Presented for your approval: one Beowulf pastiche of limited skill.  I wish I could say that I spoke Old English and had translated this.  Or that I had enough chops actually to do metrically what the bards of yore were able to pull off in their heads.  I tried to hoe a line which gives a feeling for it, anyway.

It's awkward because modern audiences are used to iambic pentameter, and if you read this, sometimes it seems like it wants to go into that, but there are six stresses and it's not iambs.  This isn't historically accurate because Old English poetry tended to do two stresses per half-line, but honestly, every time I've tried quadrameter, the lines are too short, and that's leaving out the other requirements.  So, sextameter of sorts with a caesura in the middle (that's what the space between the half-lines is, for those who wonder).  Let's face it, it's bound to have faults; it's not called "Flash" fiction for nothing, and this is pretty slapdash.
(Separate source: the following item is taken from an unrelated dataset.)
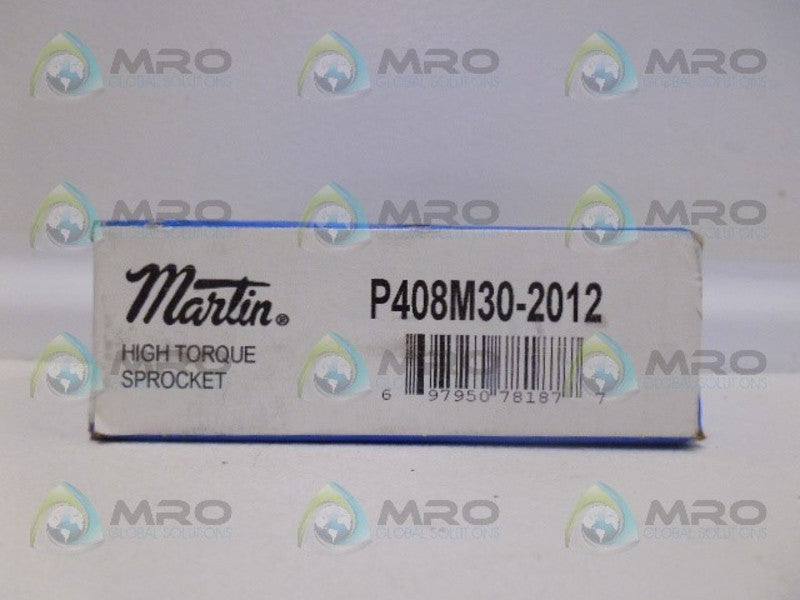 MARTIN P408M302012 HIGH TORQUE SPROCKET NSFS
I am rather more interested in the alliterative qualities of it in any case.  Old English (and indeed other poetry of the same sort) is alliterative verse, which means it doesn't rhyme but it still holds together based on shared sounds.  I didn't force it, but there's rather a lot of it here, as it should be.  I admit that I stole "strong sword" straight from Beowulf itself.

At this point, a fair number of you have begun to wonder about me, or to wonder what the Hell I'm talking about, or both.  I hope the excerpt (if I can call it that) holds together on its own without too much context being needed, but suffice it to say that Beowulf is a hero, he's already mortally wounded Grendel, a monster (the "wild one who rends men"), and now he's gone down to the bottom of the watery realm to deal with Grendel's mother.  Maybe you saw the movie and remember Angelina Jolie.  Well, for starters, dear God no, but that's whom we're talking about.  I haven't seen the movie, nor do I care to, but if that helps, go nuts.  Actually, watch The 13th Warrior instead, because that movie kicks ass.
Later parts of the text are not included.